A few years ago I had a set of Nick Hayden’s leathers in my office for a few weeks. These were from the 2006 MotoGP season and smelled of champagne, so I assume he had worn them in a race and on the podium somewhere that year. They lay on the floor by my desk, after they fell off their hanger, which was hooked over the door.
As with most world championship-level skins, these were beautiful, immaculate, hand-sewn in places. Large portions of the Hayden’s Repsol Honda leathers were made from single piece of leather. AlpineStars called them leathers but in reality they were a work of art.
My 15 year old son, John, who is, admittedly, quite tall and muscular, decided to try on nick’s leathers. He’s slept for most of his life with a Nick Hayden Repsol Honda poster in his bedroom so it was going to be a bit of a thrill for him to try on a set of leathers worn by one of his heroes.
Only, they wouldn’t fit. And by wouldn’t fit, I don’t mean that they were a little too small in the shoulders.
He was unable to wear them because they were too small everywhere. He was unable to even get his calves into them. Okay he had played ninth-grade football that year and was in decent shape—but he could not slide into the lower leg section of Nick’s leathers without fear of tearing the liner.
Later, his younger brother, Kipp, then age ten, tried them on. Other than being very long in the arms and legs, how well they fit him was surprising.
So what is this; what’s happening here? Is it the Pedrosa/Stoner Syndrome where all riders are now trying to shave their body size down to the absolute minimum possible in order to not give up any advantage to the bone-thin Australian or near freakishly abbreviated stature of the Spanish rider?
Or is this a byproduct of nearly all top level riders having a hobby career of if not racing bicycles then using one to train on?
My sense of it is that it’s a racer thing. These guys use the definition of ultra-competitive as a baseline for how they feel about competition. They don’t want to wave off anything that could conceivably give them an advantage, or better yet put them on a level field with the guys who are wining races. Rossi cannot be described as svelte, but he’s a special case. Lorenzo, still not as much a daily threat to the others as his race wins and run at the 2009 title would indicate, looks very normal for an adult human male in his early 20s.

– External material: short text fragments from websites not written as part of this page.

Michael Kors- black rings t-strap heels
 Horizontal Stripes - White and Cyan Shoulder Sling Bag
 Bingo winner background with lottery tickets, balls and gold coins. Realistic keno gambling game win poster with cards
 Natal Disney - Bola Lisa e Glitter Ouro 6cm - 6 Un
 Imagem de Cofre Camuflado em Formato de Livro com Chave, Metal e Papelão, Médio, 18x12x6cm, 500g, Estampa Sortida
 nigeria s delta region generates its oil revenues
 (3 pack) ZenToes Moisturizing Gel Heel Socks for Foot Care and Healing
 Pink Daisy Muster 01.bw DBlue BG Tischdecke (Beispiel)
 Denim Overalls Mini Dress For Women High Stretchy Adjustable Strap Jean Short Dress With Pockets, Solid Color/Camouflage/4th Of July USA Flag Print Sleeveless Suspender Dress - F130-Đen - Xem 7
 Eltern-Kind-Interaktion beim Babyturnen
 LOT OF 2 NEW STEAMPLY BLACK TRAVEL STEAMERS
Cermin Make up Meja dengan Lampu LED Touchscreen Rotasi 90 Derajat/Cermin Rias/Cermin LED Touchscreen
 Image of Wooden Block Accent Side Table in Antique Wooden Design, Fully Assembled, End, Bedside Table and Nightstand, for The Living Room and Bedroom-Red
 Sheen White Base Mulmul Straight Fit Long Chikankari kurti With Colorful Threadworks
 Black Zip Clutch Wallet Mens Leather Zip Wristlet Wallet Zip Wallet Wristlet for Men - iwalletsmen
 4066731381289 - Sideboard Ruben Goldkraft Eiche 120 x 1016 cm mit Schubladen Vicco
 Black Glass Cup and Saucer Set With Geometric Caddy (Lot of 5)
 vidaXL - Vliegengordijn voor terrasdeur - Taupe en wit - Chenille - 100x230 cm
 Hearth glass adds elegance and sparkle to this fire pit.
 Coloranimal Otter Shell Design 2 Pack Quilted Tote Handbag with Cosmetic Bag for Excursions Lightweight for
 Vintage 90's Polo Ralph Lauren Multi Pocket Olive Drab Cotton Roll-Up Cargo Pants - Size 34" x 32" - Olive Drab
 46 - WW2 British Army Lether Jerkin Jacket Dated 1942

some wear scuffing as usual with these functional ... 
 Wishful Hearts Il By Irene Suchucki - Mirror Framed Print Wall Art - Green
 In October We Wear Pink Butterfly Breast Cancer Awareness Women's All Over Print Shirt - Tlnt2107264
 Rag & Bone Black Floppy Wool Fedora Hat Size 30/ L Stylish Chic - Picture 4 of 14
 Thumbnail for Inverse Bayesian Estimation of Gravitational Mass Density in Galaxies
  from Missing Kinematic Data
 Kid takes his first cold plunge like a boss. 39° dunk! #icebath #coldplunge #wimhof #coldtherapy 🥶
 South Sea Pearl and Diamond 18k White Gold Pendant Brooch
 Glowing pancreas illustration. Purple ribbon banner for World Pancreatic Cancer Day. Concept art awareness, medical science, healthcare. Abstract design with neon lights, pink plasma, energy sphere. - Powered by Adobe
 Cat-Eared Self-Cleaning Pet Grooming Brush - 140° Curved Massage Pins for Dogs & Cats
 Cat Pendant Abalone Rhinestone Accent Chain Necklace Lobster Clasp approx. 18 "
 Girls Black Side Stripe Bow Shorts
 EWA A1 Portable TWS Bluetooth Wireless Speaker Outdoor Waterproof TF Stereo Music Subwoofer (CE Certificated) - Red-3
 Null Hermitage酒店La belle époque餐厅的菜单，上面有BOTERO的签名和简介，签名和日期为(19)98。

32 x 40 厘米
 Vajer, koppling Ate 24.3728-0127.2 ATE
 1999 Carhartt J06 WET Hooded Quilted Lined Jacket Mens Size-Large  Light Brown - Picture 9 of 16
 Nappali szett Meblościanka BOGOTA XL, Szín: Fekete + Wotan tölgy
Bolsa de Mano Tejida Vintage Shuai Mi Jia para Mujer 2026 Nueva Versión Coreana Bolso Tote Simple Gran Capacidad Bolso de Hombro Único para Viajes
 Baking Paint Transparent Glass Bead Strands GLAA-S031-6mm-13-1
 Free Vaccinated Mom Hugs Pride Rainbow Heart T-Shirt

Stoner, though. He’s fast and he’s back. And he weighs 127 pounds. So that shows the other riders that they don’t necessarily need to be the biggest or the strongest or have superior grip or shoulder strength to run at the front. Moreover, Pedrosa, (112 pounds) can walk the MotoGP grid in a way that almost brings to mind memories of Wayne Rainey. And he’s not large–anywhere.
I thought about calling Colin Edwards II and asking him what he currently weighs, but didn’t. He looks the same as he did in 2002 at Imola when he won the World Superbike title. And I don’t really have to ask him what he thinks of this minimum form MotoGP rider trend. Not from a guy who very seriously once said that if they ever added beer to the FIM’s banned substance list, he’d retire the next day.
Getting back to the question, though, of what’s it all mean? Probably nothing. The skinniest motorcycle racer I’ve ever seen was Kevin Schwantz, who, in his late 1980s glory, wore a size medium Yosh t-shirt and it would flap loosely against his torso when the wind blew.
It wasn’t amazing to me that Schwantz frequently broke his tiny wrists in crashes, it was amazing that he didn’t break them—so thin they looked like porcelain—in everyday life.